1966 painting by Francis Bacon

Three Studies of Muriel Belcher, 1966, 35.5 x 30.5cm. Private collection

Three Studies for a portrait of Muriel Belcher is an oil-on-canvas triptych painting by the Irish born English artist Francis Bacon, completed in 1966. It portrays Muriel Belcher, described by musician George Melly as a "benevolent witch", and the charismatic founder and proprietress of The Colony Room Club, a private drinking house at 41 Dean Street, Soho, London, where Bacon was a regular throughout the late 1940s to late 1960s.

The two became friends soon after she opened the club in 1948, and Bacon helped her cultivate its reputation as a seedy but convivial meeting place for artists, writers, musicians, homosexuals and bohemians. At its height, regular patrons included Lucian Freud, Jeffrey Bernard, John Deakin and Henrietta Moraes.

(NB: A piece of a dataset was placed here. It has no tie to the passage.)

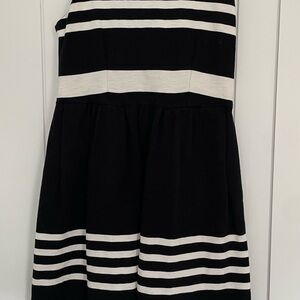 J.Crew Fit & Flare Dress Knee-Length Stripe Crew-Neck Sleeveless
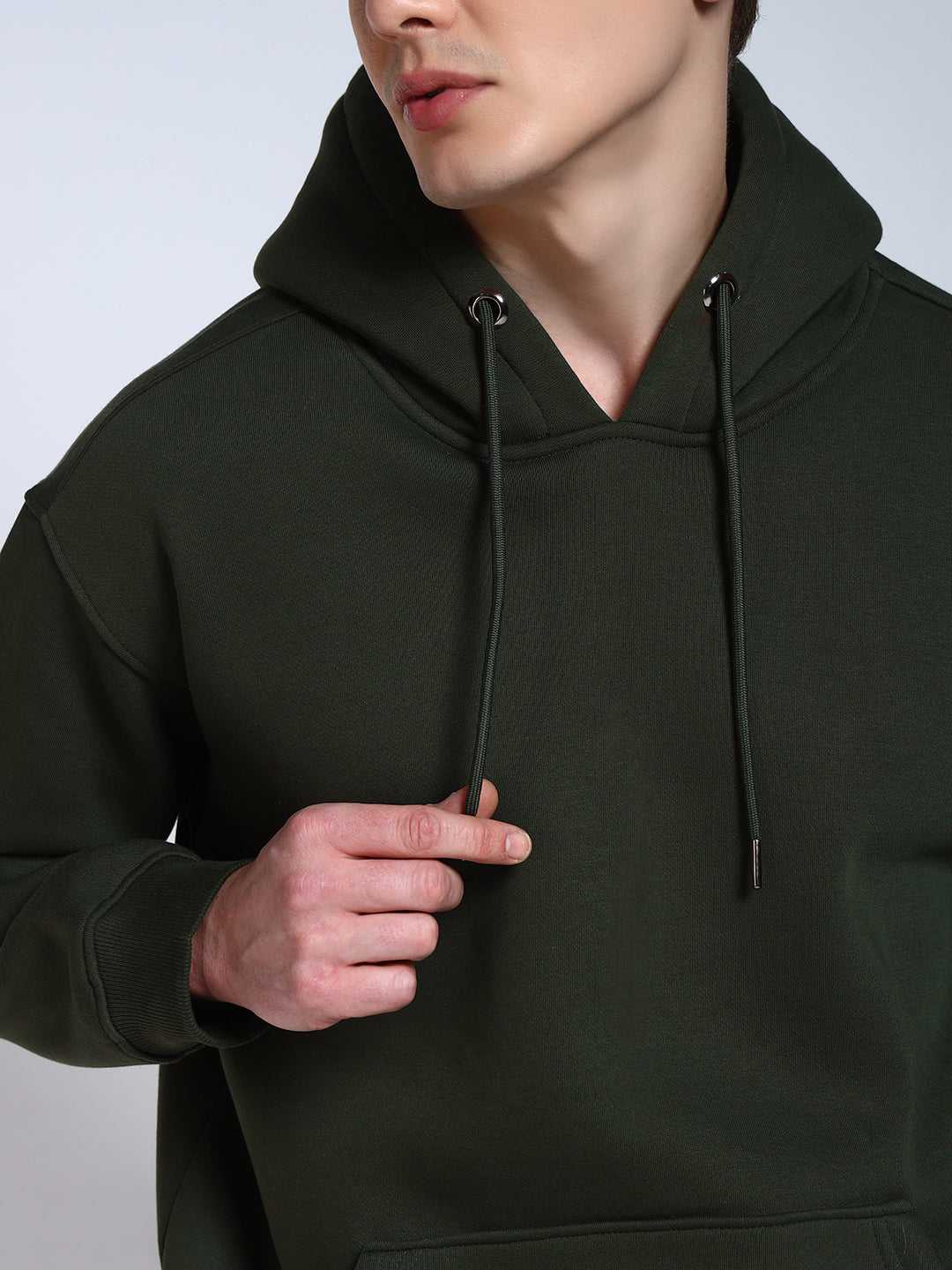 Olive Green Solid Regular Fit Hoodie Sweatshirt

Belcher died in 1979. Having been exhibited at Tate, London, and Galeries nationales du Grand Palais, Paris, The triptych is in a private collection.

==Model==
Both Belcher and Bacon shared a sharp, dry and caustic wit, which bordered on sarcastic and aloof disdain. They cultivated an at times intimidating atmosphere, and she became the subject of several of his paintings, including Seated Woman (Portrait of Muriel Belcher), which in sold 2007 for €13.7 million. Bacon did not paint from life sittings, and it is likely that he painted this triptych from photographs taken by Deakin.

==Description==
Each of the panels is set against a flat, dark and nondescript background. The portraits capture Belcher's personality, expressed through her flowing hair, arched eyebrows and prominent nose. From left to right, the panels show her in half profile looking to the viewer's right, in full profile, and in half profile looking to our left, in a sequence that evokes a sense of movement akin to the photographs of Eadweard Muybridge or police mug shots. Her facial features are heavily distorted in each, an effect achieved by long and wider brush strokes. Bacon uses contrasting colour palettes to change the tone and the mood of the panels; the fiery and aggressive reds of the centre portrait contrast with the calmer blue-grey tones of the right-hand image. The triptych follows in a pattern of panels painted of close friends in a similar distorted style during the late 1960s and very early 1970s.